La Asamblea Legislativa de El Salvador, mediante la Comisión de Obras Públicas, aprobó una propuesta que intenta suprimir la exigencia de crear áreas para estacionamiento en desarrollos residenciales, comerciales e industriales. Esta acción es parte de una iniciativa promovida por el Ministerio de Vivienda y tiene como objetivo disminuir los gastos de construcción, mejorar el acceso a viviendas y fomentar un uso más eficiente del terreno urbano.
Con esta reforma, los permisos de construcción ya no estarán condicionados a la inclusión de parqueos, salvo en casos donde se requieran por accesibilidad para personas con discapacidad, mujeres embarazadas, adultos mayores y vehículos de emergencia. Se trata de una disposición de carácter general que busca desburocratizar los trámites de urbanización y edificación, sobre todo en zonas céntricas y urbanas donde el valor del suelo es más elevado y el uso del automóvil privado no es prioritario.
Desde el Ministerio de Vivienda se argumenta que esta modificación es clave para dinamizar el sector inmobiliario, especialmente en los segmentos de vivienda de interés social. Se ha señalado que el requerimiento obligatorio de parqueos eleva significativamente los costos de cada unidad habitacional, con incrementos que pueden superar los 10,000 dólares por espacio destinado a vehículo. Ese costo adicional, muchas veces innecesario para familias que no poseen automóvil, termina afectando la asequibilidad y limita el acceso a soluciones habitacionales formales.
La reforma también incorpora incentivos urbanísticos. Los proyectos que decidan omitir total o parcialmente la construcción de parqueos podrán recibir beneficios en sus índices de construcción, como una reducción en los límites de impermeabilización, lo cual representa una ventaja adicional para desarrolladores que opten por diseños sostenibles o verticales. Esto se enmarca en una visión más amplia de transformación urbana, que promueve el transporte público, la movilidad peatonal y el uso eficiente de recursos.
El fallo ratificado dispone que ningún servidor público, autoridad municipal ni especialista en planeación urbana podrá imponer la inclusión de estacionamientos como condición obligatoria. Si lo hicieran, podrían enfrentarse a sanciones administrativas e incluso judiciales. Este asunto pretende eliminar interpretaciones subjetivas de las normativas, proporcionando más seguridad a los desarrolladores y disminuyendo las posibilidades de decisiones arbitrarias.
La propuesta recibió el respaldo mayoritario de los legisladores oficialistas, quienes señalaron que se trata de una medida coherente con los esfuerzos del gobierno por facilitar la inversión, modernizar la planificación urbana y reducir los costos de la vivienda. También recalcaron que los desarrolladores seguirán teniendo la libertad de incorporar parqueos si así lo consideran pertinente para su modelo de negocio o la demanda del mercado.
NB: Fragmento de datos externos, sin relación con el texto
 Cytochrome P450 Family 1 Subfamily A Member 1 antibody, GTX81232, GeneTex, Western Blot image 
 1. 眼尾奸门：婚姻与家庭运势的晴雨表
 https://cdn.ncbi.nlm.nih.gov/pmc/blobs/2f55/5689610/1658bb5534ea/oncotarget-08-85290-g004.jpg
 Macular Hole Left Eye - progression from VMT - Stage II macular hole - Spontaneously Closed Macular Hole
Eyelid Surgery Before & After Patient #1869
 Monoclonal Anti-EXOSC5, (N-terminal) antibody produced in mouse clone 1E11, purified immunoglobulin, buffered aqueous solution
Desde ciertos rincones profesionales de la arquitectura y el urbanismo, la reforma ha sido vista positivamente como un avance hacia urbes más densas y sostenibles. A pesar de esto, han surgido opiniones que solicitan precaución y una planificación completa que prevenga desbalances, particularmente en áreas donde la oferta de transporte público es insuficiente o falta por completo. Sostienen que la iniciativa debe ir de la mano de políticas adicionales de movilidad, ampliación de ciclovías y refuerzo del transporte colectivo, de modo que los habitantes no enfrenten inconvenientes por la disminución de espacios de estacionamiento.
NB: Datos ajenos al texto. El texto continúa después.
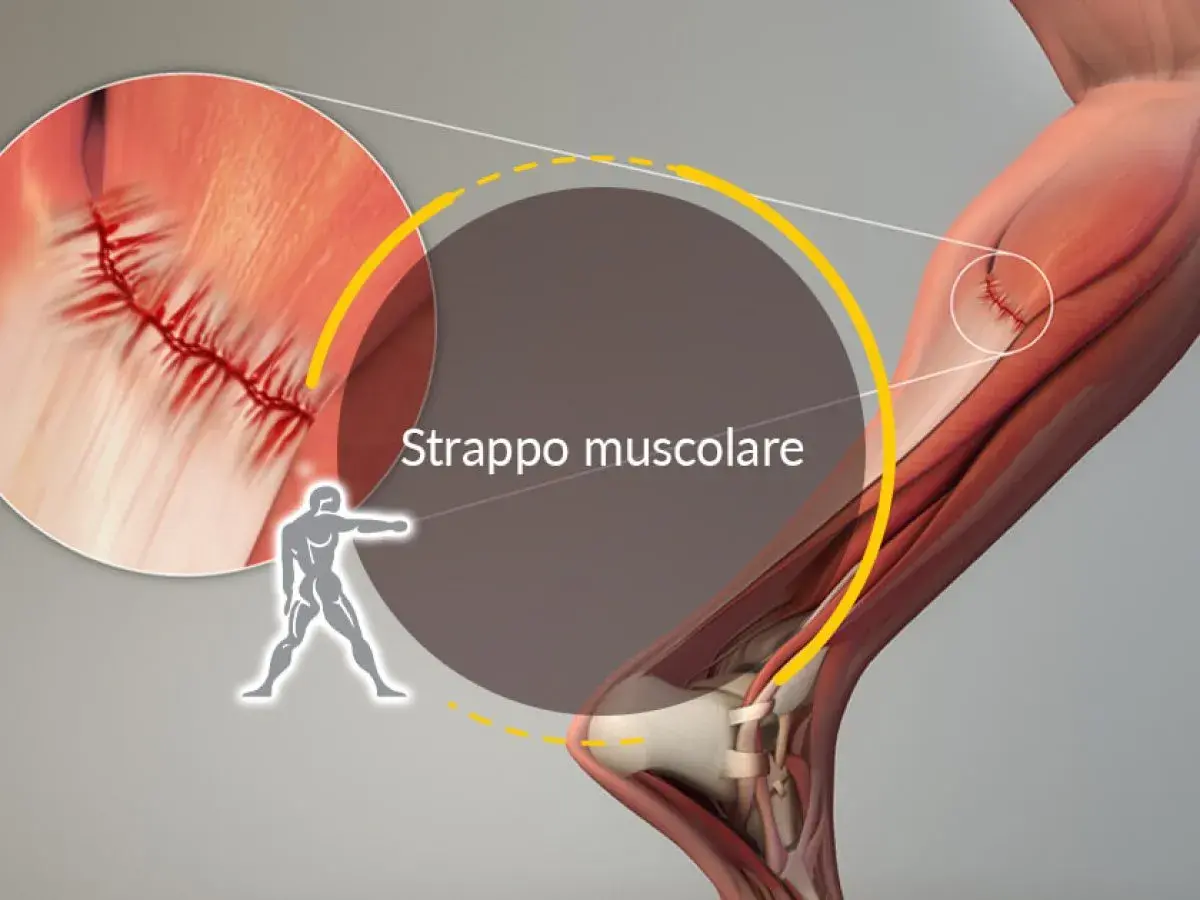 Dettaglio di uno strappo muscolare con suture. L'immagine illustra la lesione e i tempi di recupero.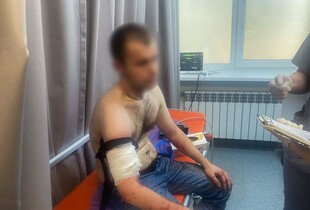 У Запоріжжі чоловік поранив ножем трьох поліцейських: нападника застрелили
La iniciativa aún deberá ser ratificada en una votación plenaria, pero todo indica que cuenta con los votos necesarios para convertirse en ley. Su implementación marcará un giro importante en la regulación urbanística del país, eliminando una de las barreras históricas que más ha limitado el desarrollo de proyectos de vivienda asequible en áreas densamente pobladas.
Con esta resolución, El Salvador se une a una tendencia que ha ganado popularidad en numerosas urbes de América Latina y a nivel global, donde se están reevaluando las regulaciones convencionales que favorecían al vehículo y se está optando por formas de urbanismo más inclusivas, sostenibles y ajustadas a las necesidades auténticas de la ciudadanía.